Officers must build a bridge before intruding on a defendant’s Fourth Amendment privacy interests. There is no question that some criminals also use cellphones in furtherance of their crimes. But the ubiquity of cellphones does not, by itself, form the requisite nexus to search the device. See United States v. Williams, No. CR 25-183-GAW-1, 2025 WL 3640894, at *1 (E.D. Pa. Dec. 16, 2025) (Weilheimer, J.). That nexus needs to be established within the four corners of the warrant. United States v. Stearn, 597 F.3d 540, 549 (3d Cir. 2010). Probable cause does not require direct evidence, but it does require a nexus between the place to be searched and the crimes charged. Stearn, 597 F.3d at 558-559. The fact that a person was arrested and possesses a cellphone, without more, does not build that bridge.

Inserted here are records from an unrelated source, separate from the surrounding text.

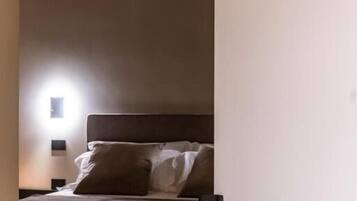 Habitación de hotel con una cama, una mesita de noche y una lámpara fijada en la pared. El número de habitación es 264.
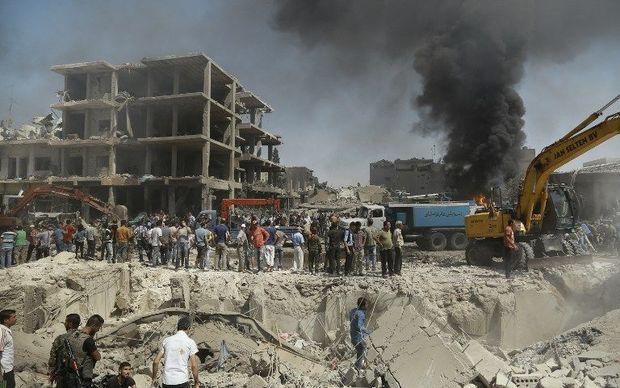 Residents gather at the site of a bomb attack in Syria's northeastern city of Qamishli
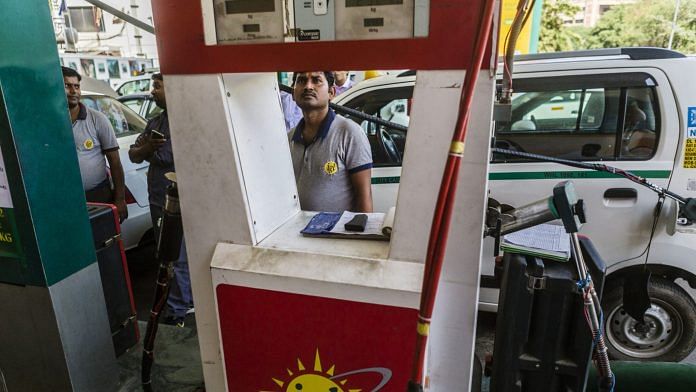 An employee refuels a vehicle with compressed natural gas (CNG) at an Indraprastha Gas Ltd. gas station in New Delhi | Photographer: Prashanth Vishwanathan | Bloomberg
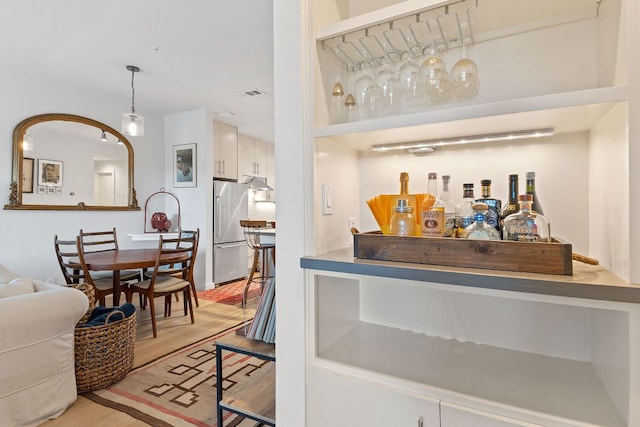 bar featuring visible vents, light wood-style flooring, freestanding refrigerator, hanging light fixtures, and under cabinet range hood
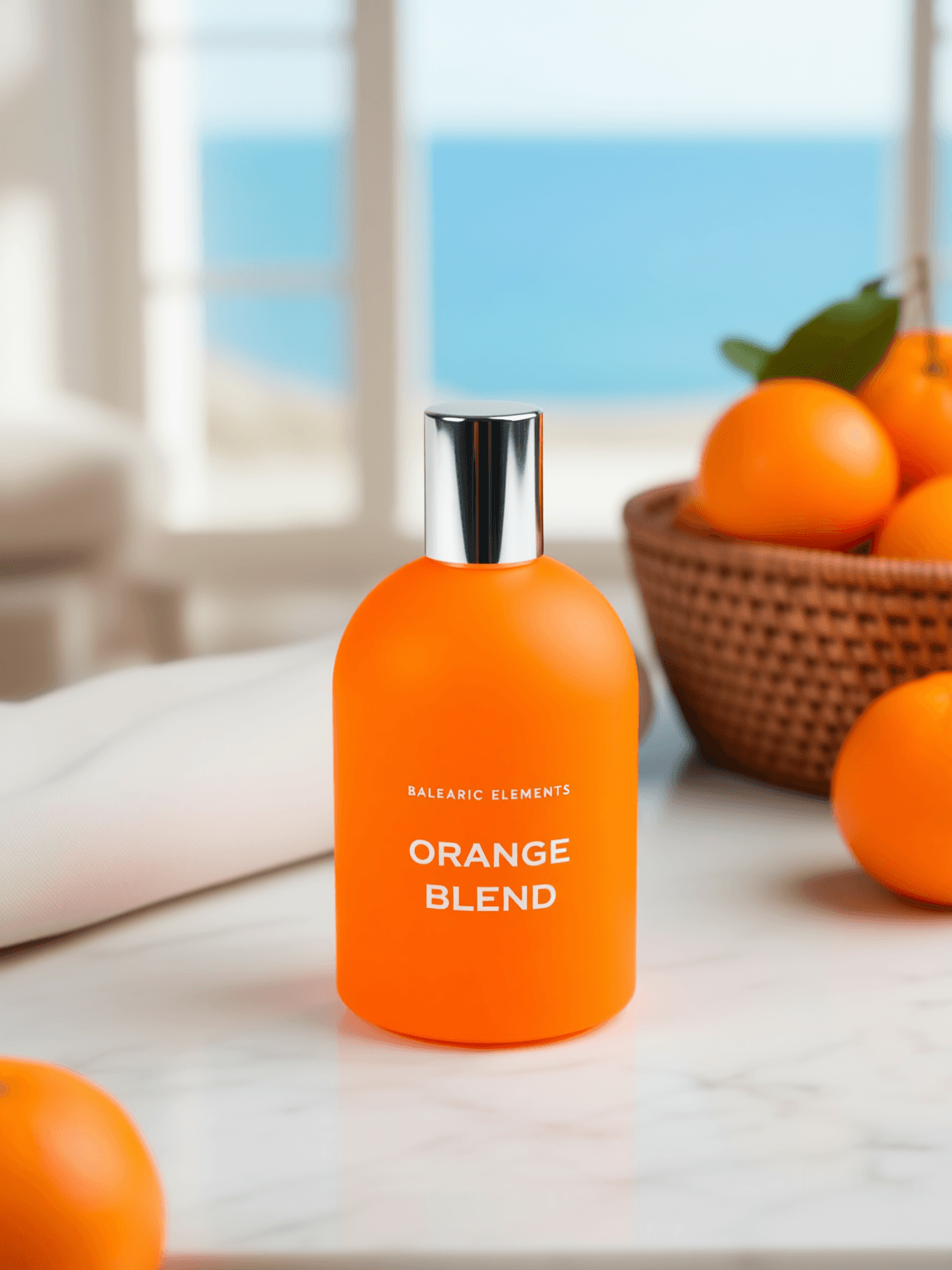 An orange bottle labeled 'BALEARIC ELEMENTS ORANGE BLEND' stands on a white marble surface with oranges and a woven basket in the background, near a bright window.
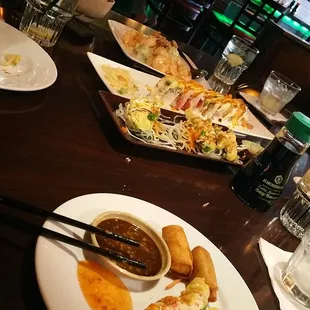 plates of food on a table with chopsticks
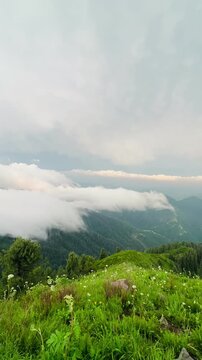White clouds rolling over green mountain ridge in valley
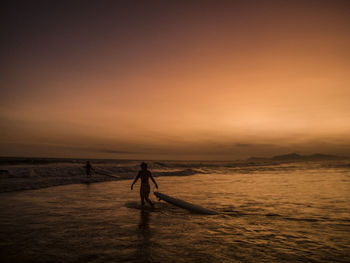 Surfer - sunset at barra da tijuca beach, rio de janeiro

In that vein, upholding a cellphone warrant relying entirely on an officer’s training and experience would mean that any phone recovered from an arrestee is subject to search for any crime imaginable. That unlimited principle without case-specific relation between the phone and the crimes charged, offends Riley v. California, 573 U.S. 373 (2014), and the Fourth Amendment. This Court is unwilling to create a limitless principle for searching cellphones. As there is no nexus created in the subject warrant, Defendant’s Motion to suppress the evidence relevant to the February 4, 2026, warrant is granted.